*** Begin section ***

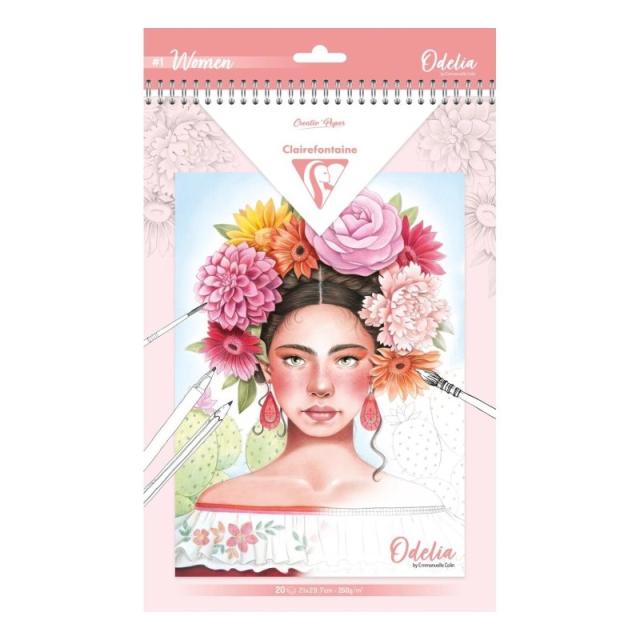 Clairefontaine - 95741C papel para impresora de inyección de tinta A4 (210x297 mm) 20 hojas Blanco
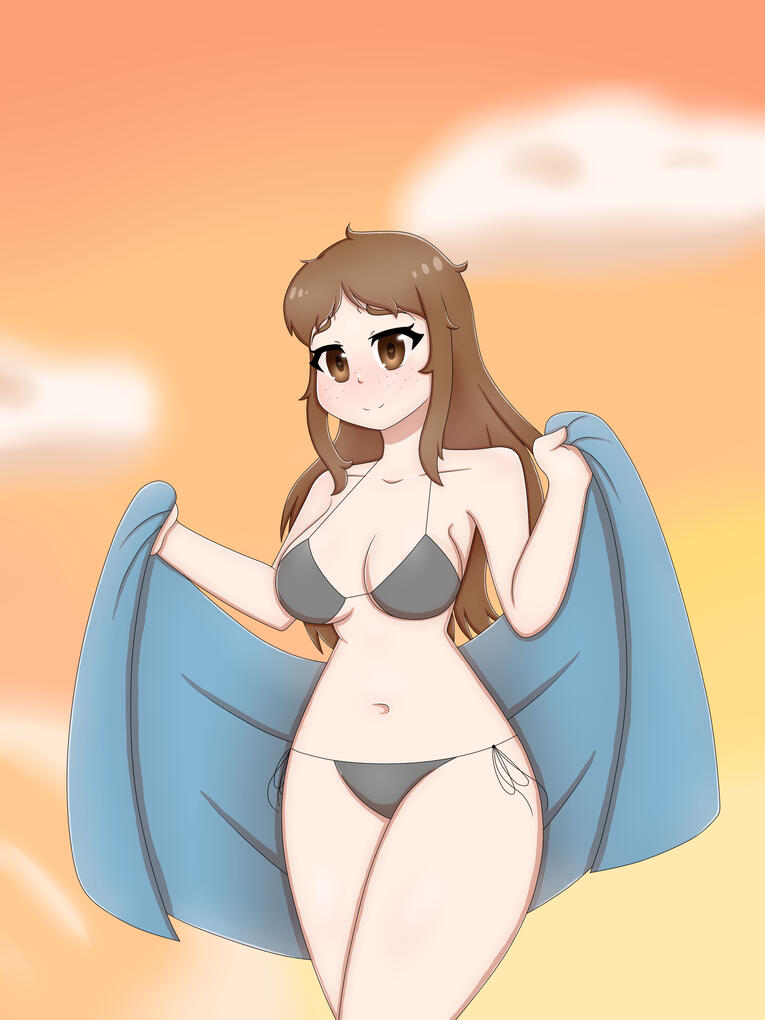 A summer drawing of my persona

*** End section ***
*** Begin section ***

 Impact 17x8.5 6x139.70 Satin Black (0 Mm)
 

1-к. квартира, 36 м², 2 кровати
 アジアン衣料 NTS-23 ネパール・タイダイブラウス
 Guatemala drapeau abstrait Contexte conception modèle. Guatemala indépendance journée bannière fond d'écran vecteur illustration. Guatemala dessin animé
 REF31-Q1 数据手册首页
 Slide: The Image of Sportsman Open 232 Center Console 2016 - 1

*** End section ***
*** Begin section ***

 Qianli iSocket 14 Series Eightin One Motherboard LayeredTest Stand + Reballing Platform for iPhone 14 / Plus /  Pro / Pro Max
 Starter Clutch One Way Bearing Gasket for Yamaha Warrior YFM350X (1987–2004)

*** End section ***

## What the task requires:
Find where the line with "Clairefontaine - 95741C" sits in the material above and where the line with "A summer drawing of my persona" sits. Set down exactly the lines from the first to the second, both included and nothing else, without pictures.

## Result of this task:
 Clairefontaine - 95741C papel para impresora de inyección de tinta A4 (210x297 mm) 20 hojas Blanco
 A summer drawing of my persona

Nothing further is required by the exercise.